WORK ITEM: Reprint all of the data below exactly as shown and skip every image.
[DATASET EXTRACT Boundary: Start]
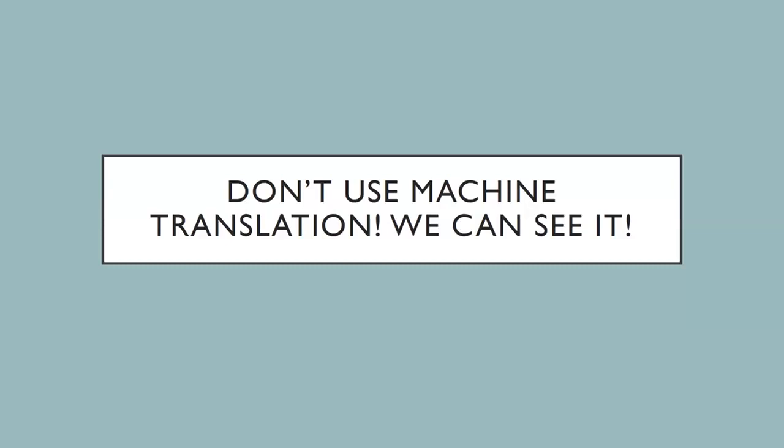Some very experienced translators sometimes will use machine translation, but that's after they have a lot of experience, and they will use it and then do post-editing of the text. So for our courses, we encourage you not to use it.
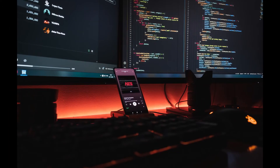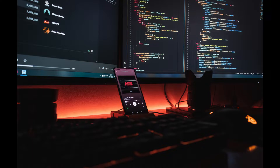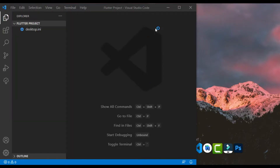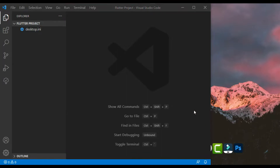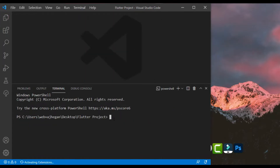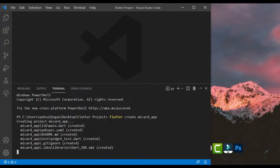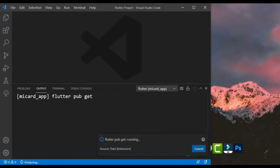Hello everybody, welcome to my YouTube channel. Today I decided to show you how to create a simple business card app using Flutter. As I said in previous videos, I'm not explaining the code, and therefore you should be familiar with the Dart programming language and Flutter framework. Also, you can download all of the...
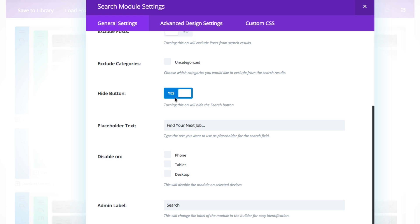I chose to hide the search button — you don't have to, but if you do, you'll just get the search box, which is what I thought would be best for my page. And then of course you can put your placeholder text here. The example I put up is a sort of directory or listings for a jobs website, so I put 'Find your next job.'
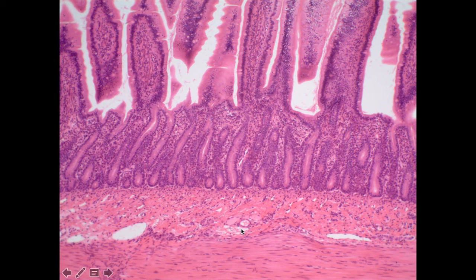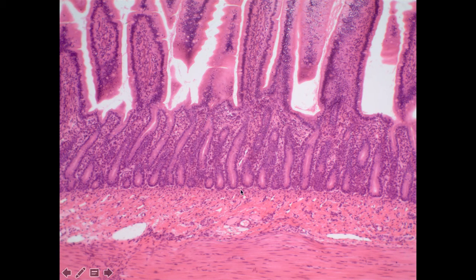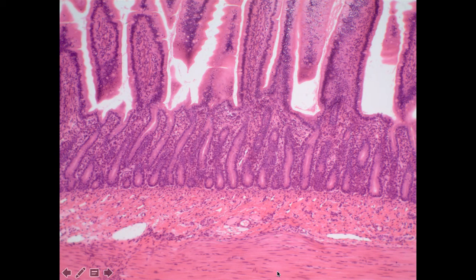The next region is the jejunum, which really doesn't have any defining feature. Here we can see the very nice prominent finger-like projections — the villi — all the way down to the muscularis mucosae, then the submucosa. We don't see any glands, so the Brunner's glands are not here, which tells us this is not the duodenum. Then we can start to see the smooth muscle layers making up the tunica muscularis, with the first layer being the circular layer.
[DATASET EXTRACT Boundary: End]
SOLUTION TO THIS PROBLEM:
Some very experienced translators sometimes will use machine translation, but that's after they have a lot of experience, and they will use it and then do post-editing of the text. So for our courses, we encourage you not to use it.
Hello everybody, welcome to my YouTube channel. Today I decided to show you how to create a simple business card app using Flutter. As I said in previous videos, I'm not explaining the code, and therefore you should be familiar with the Dart programming language and Flutter framework. Also, you can download all of the...
I chose to hide the search button — you don't have to, but if you do, you'll just get the search box, which is what I thought would be best for my page. And then of course you can put your placeholder text here. The example I put up is a sort of directory or listings for a jobs website, so I put 'Find your next job.'
The next region is the jejunum, which really doesn't have any defining feature. Here we can see the very nice prominent finger-like projections — the villi — all the way down to the muscularis mucosae, then the submucosa. We don't see any glands, so the Brunner's glands are not here, which tells us this is not the duodenum. Then we can start to see the smooth muscle layers making up the tunica muscularis, with the first layer being the circular layer.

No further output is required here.